____ The input

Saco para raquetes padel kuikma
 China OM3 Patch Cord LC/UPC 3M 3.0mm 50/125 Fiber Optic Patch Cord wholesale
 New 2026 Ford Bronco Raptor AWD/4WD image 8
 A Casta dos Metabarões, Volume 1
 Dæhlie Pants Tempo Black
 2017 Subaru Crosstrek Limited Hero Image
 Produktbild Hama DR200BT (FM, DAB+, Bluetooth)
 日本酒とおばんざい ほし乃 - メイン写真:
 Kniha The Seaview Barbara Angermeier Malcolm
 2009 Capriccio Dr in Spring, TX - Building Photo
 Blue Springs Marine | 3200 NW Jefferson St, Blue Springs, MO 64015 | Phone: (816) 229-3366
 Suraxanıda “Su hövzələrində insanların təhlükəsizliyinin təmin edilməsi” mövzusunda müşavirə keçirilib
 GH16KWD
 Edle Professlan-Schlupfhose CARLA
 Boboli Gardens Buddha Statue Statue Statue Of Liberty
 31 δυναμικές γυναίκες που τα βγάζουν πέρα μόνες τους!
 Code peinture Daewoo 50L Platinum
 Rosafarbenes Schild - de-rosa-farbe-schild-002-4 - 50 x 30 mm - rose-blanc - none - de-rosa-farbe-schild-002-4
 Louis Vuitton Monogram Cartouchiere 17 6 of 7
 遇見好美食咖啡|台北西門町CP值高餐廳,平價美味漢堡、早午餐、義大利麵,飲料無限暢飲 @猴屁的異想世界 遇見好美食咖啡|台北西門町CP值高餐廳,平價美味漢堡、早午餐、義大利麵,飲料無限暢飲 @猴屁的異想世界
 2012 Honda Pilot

________

What you have to do: Please copy each entry. Leave nothing out.

Answer space:
Saco para raquetes padel kuikma
 China OM3 Patch Cord LC/UPC 3M 3.0mm 50/125 Fiber Optic Patch Cord wholesale
 New 2026 Ford Bronco Raptor AWD/4WD image 8
 A Casta dos Metabarões, Volume 1
 Dæhlie Pants Tempo Black
 2017 Subaru Crosstrek Limited Hero Image
 Produktbild Hama DR200BT (FM, DAB+, Bluetooth)
 日本酒とおばんざい ほし乃 - メイン写真:
 Kniha The Seaview Barbara Angermeier Malcolm
 2009 Capriccio Dr in Spring, TX - Building Photo
 Blue Springs Marine | 3200 NW Jefferson St, Blue Springs, MO 64015 | Phone: (816) 229-3366
 Suraxanıda “Su hövzələrində insanların təhlükəsizliyinin təmin edilməsi” mövzusunda müşavirə keçirilib
 GH16KWD
 Edle Professlan-Schlupfhose CARLA
 Boboli Gardens Buddha Statue Statue Statue Of Liberty
 31 δυναμικές γυναίκες που τα βγάζουν πέρα μόνες τους!
 Code peinture Daewoo 50L Platinum
 Rosafarbenes Schild - de-rosa-farbe-schild-002-4 - 50 x 30 mm - rose-blanc - none - de-rosa-farbe-schild-002-4
 Louis Vuitton Monogram Cartouchiere 17 6 of 7
 遇見好美食咖啡|台北西門町CP值高餐廳,平價美味漢堡、早午餐、義大利麵,飲料無限暢飲 @猴屁的異想世界 遇見好美食咖啡|台北西門町CP值高餐廳,平價美味漢堡、早午餐、義大利麵,飲料無限暢飲 @猴屁的異想世界
 2012 Honda Pilot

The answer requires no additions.